Official Calls Military Child Care ‘Model for Nation’
By Samantha L. Quigley
American Forces Press Service
WASHINGTON, Nov. 17, 2009 The Military Child Care Act of 1989 has made the military child care system the one to emulate.
Sesame Street Muppets Rosita and Elmo, accompanied Melvin Ming, Sesame Workshop’s chief operating officer, to the Defense Department’s 2009 Child Development Conference in Washington, D.C., Nov. 17, 2009. Elmo and Rosita helped Ming explain the Workshop’s “Talk, Listen, Connect” videos designed to help military kids deal with many of the challenges they face. DoD photo by Samantha L. Quigley
(Click photo for screen-resolution image);high-resolution image available.
“We have come a long way,” said Tommy T. Thomas, deputy undersecretary of defense for military community and family policy, during the opening remarks of the department’s annual child development conference. “The Department of Defense Child Development System is … a model for this nation.”
Thomas’ statement echoes what President Bill Clinton said about the military’s child development programs in 1997.
In the 20 years since enactment of the Military Child Care Act, military child care has undergone enormous change. Those changes have led to recognition by a number of organizations, including the National Association of Regulatory Administration and the National Women’s Law Center for the department’s commitment to high-quality, accessible, affordable child care.

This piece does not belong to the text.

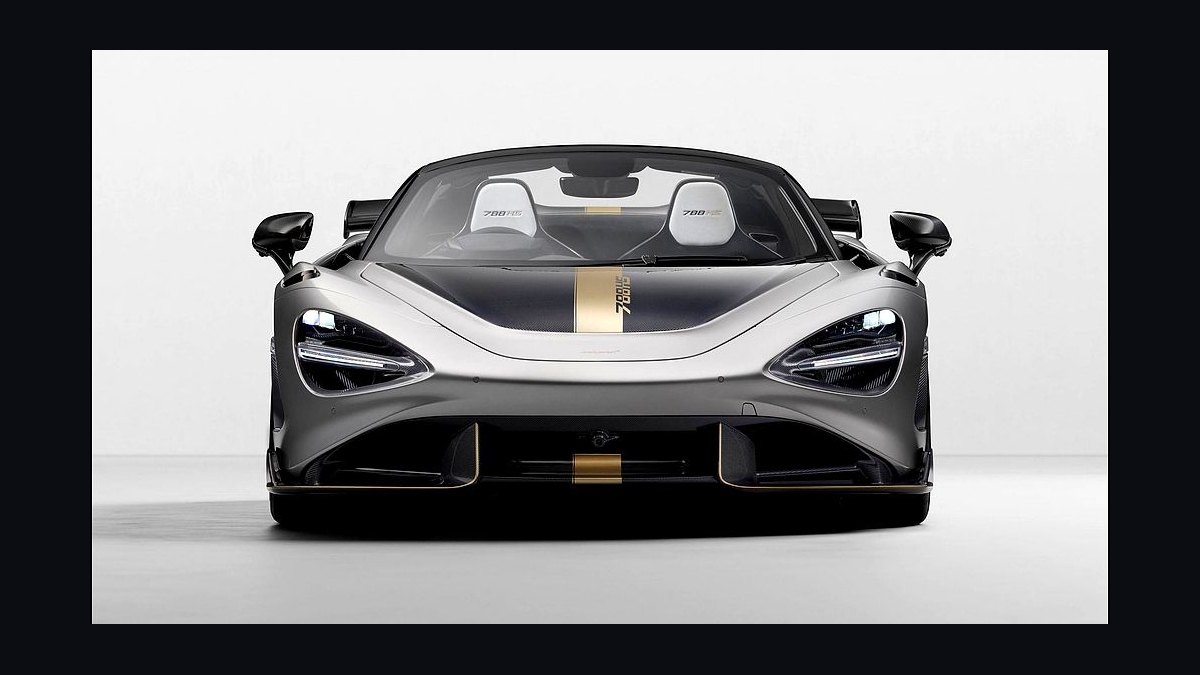 Top 10 Supercars With the Lowest Annual Registration and Luxury Tax Costs in 2027 — figure 5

Nancy Duff Campbell, co-president of the National Women’s Law Center, lauded the military’s approach to improving its system. The Military Child Care Act was particularly important, she said, because it applied a systemic approach to improving the quality, affordability, and availability of child care for all servicemembers, regardless of rank or income.
“The military child care system has been faithful in adhering to these goals in operations and furthering them in a systemic way,” she said.
By contrast, she said, the private-sector child care industry is a patchwork of legislative initiatives resulting in an incomprehensive approach to addressing the challenges of providing affordable child care to the civilian population.
Speakers at the Defense Department conference agreed that accreditation, inspection and training are necessary for a successful child-care program. In fact, 97 percent of the more than 300 military child development centers serving more than 200,000 children are accredited through the National Academy of Early Childhood Programs, a division of the National Association for the Education of Young Children.